そしてもぞっと晴臣の胸に顔を隠して半分ほどのぞかせながらこう言った。
「しちゃ、くちゃの」
「あ、うん」
駆はとりあえず刺激しないように頷いた。すると久遠はふんすっと鼻を鳴らして得意げな表情を見せる。
どうやらお気に召したらしい。
その表情にほっとして駆が胸をなでおろす。その様子をくすりと晴臣は笑った。
そんな彼らに、門を守っている兵士二人ははあ?っと声をあげる。先ほどの男の態度に苛立っているのに、目障りなそれらがいるのが気に入らないのである。
「目障りだから帰れ」
「これだから外周どもは嫌いなんだ」
外周。それは門の近くに住んでいるものの蔑称だ。そして晴臣たちにそういったのだけでは飽き足らず、ちゃきっと槍を持っている二人はそれをちらつかせて脅す。幸いにも子供二人、しかももう一人はとても手がかかりそうな幼い子供、と刀を持っているが弱そうな優男だけ。男達だけでも簡単に抑えられそうな弱者だと思っているのだろう。

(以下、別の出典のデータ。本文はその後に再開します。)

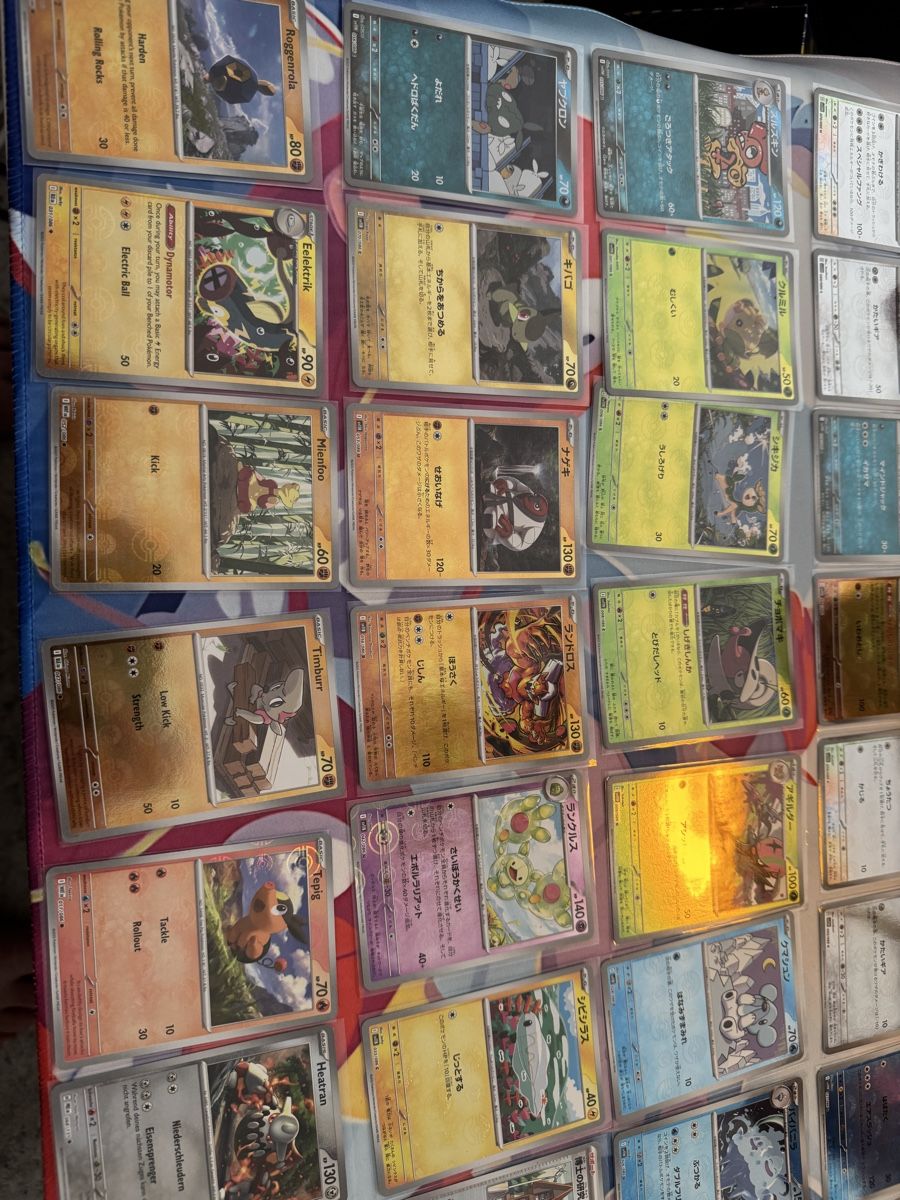 Pokémon Carte collezionabili: Pokemon Karten Sammlung, Pokeballset ab1.- – Usato da Muttenz venduto da keve999 1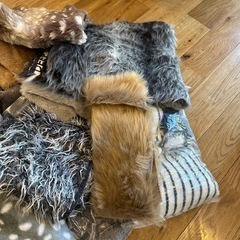 エコファー色々の画像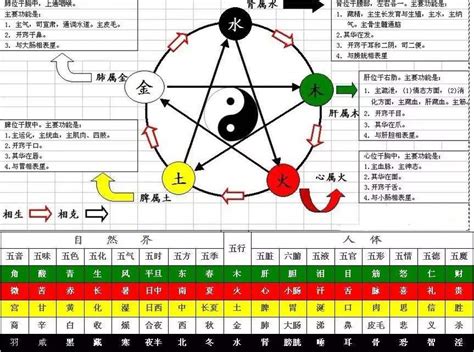 天干属性|「四柱八字」十天干的五行属性和阴阳属性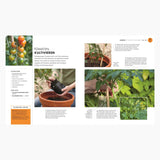 DK Verlag - SO GEHT GARTEN Ratgeber - Buch - ROSA ECK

その態度に思わず駆は顔を顰める。こういう者をよく見てきたが、いつでもどこでも腹が立つ。しかも今は、自分の友達を助けるために外に出てくれた人の知り合いをこうも侮辱されて不快感がさらに増す。
すっと二人を守るように立って自分の身分を明かそうと口を開くが、晴臣に腕を掴まれた。其方を見ようとしたがその前に駆を背にして二人の前に堂々と立つ。
「おやおや。それは申し訳ありません。さ、少し離れたところに行きましょう」
「え、でも……っ!」
「いいんですよ。仕方ありません」
晴臣に手を引かれて駆はその場を離れるしかできなかった。後ろで「貧乏くささがうつるところだった」や「身分の低い奴は子供も碌に育てられねえんだな」と言いたい放題である。悔しくて、やっぱり言い返してやろうと駆が踏みとどまるが「いけません」と晴臣が声をあげた。
「大丈夫ですよ。ありがとう」
「でも俺、折角貴方の知り合いに助けてもらっているのに!!」
「気にしないでください。……ん?」
そう言った晴臣が、何処かを見て立ち止まる。
駆も其方を見てさっと顔色を青くした。
福禄の提灯を持っている誰か。その人物にはとても心当たりがあった。